Deadlock after sub-contractor refuses demand to raise number of union workers at Cheranalloor casting site
With precisely 1,000 days left for Kochi Metro to be commissioned, interference by regional construction unions brought the metro’s piling works to a standstill at Kaloor on Tuesday.
Early in the day, union workers reportedly obstructed works at the casting site in Cheranalloor. With materials for piling not arriving from the site, the sub-contractor had to stop piling at Kaloor.
Though trade union leaders say that they are open to the work resuming on Wednesday, sources associated with metro expressed annoyance at constant obstruction of work by trade unions. “Works will resume only after a permanent solution is found, since we will not brook undue interference from unions,” they said.
Speaking to The Hindu, Minister for Transport Aryadan Mohammed said that he had taken up the issue with CITU’s State general secretary Elamaram Karim. “He has promised all help to end the impasse.”
The deadlock arose after the sub-contractor refused to yield to the demand to raise the number of union workers from 10 to 22 at the casting site.
With each worker being paid over Rs.700 for a 12-hour shift this would set a bad precedent and also increase the project cost, sources said. Moreover, work sites have sufficient number of skilled workers trained by contracting firms and modern machinery is in place to do most of the work.
“We do not need excess workers since they do not have much work to do. Moreover, they set a bad example for trained workers who are willing to put in hard work,” they said.
Delhi Metro Rail Corporation’s (DMRC) Principal Advisor E. Sreedharan had on a recent visit, objected to too many workers being posted at piling and casting sites, on seeing many of them standing idle.
Metro officials expressed shock at frequent interruptions in the work because of problems posed by local-level construction and headload workers’ unions. “We are fed up with too many rounds of talks with union leaders. There is no tangible increase in output despite union workers being posted at worksites.”
Meanwhile, Kochi Metro Rail Limited’s (KMRL) managing director Elias George reminded that Kochi Metro is Kerala’s flagship infrastructure project and the entire State is looking forward to the timely unveiling of a world-class metro system. “While we will uphold workers’ rights, we are eager to ensure that the work is not disrupted on account of any labour dispute. The additional costs incurring on the project on account of any kind of delay/cost overrun will have to be borne by the State government,” he said.

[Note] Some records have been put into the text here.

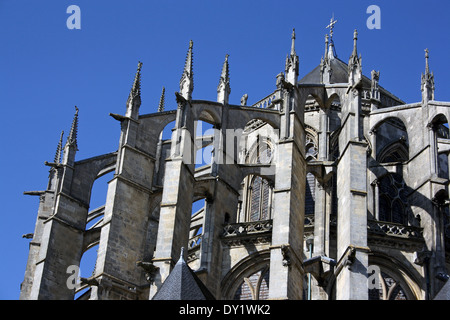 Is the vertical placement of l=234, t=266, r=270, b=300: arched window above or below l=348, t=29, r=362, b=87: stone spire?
below

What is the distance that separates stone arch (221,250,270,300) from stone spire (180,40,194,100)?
190 inches

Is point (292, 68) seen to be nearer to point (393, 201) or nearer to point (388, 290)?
point (393, 201)

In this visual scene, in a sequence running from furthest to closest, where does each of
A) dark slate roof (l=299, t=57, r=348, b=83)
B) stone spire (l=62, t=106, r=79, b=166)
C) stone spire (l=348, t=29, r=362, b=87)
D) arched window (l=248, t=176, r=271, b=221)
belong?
dark slate roof (l=299, t=57, r=348, b=83), arched window (l=248, t=176, r=271, b=221), stone spire (l=62, t=106, r=79, b=166), stone spire (l=348, t=29, r=362, b=87)

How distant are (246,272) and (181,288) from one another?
888 cm

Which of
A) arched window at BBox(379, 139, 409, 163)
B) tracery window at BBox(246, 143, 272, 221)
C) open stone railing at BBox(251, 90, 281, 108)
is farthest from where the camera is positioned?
open stone railing at BBox(251, 90, 281, 108)

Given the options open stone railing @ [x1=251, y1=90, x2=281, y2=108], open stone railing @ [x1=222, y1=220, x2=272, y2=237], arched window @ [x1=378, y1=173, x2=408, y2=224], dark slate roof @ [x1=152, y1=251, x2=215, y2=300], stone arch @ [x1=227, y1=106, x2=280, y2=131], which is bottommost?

Labour issues, if any, can be settled through dialogue and discussion, but the work should be allowed to go on without any interruption, he said.
The district secretary of the construction workers’ union affiliated to the CITU, K.V. Manoj said that work at the casting site was stopped since the sub-contractor was unwilling to employ more union members. The regional labour commissioner has promised to convene a meeting on September 22 to discuss the issue.
The DMRC is peeved at frequent disruptions to work since each day’s delay in commissioning the project (whose deadline is March 2016) will increase the project cost by over Rs.50 lakh. Meanwhile, the State government allotted Rs. 234 crore more for the project on Tuesday.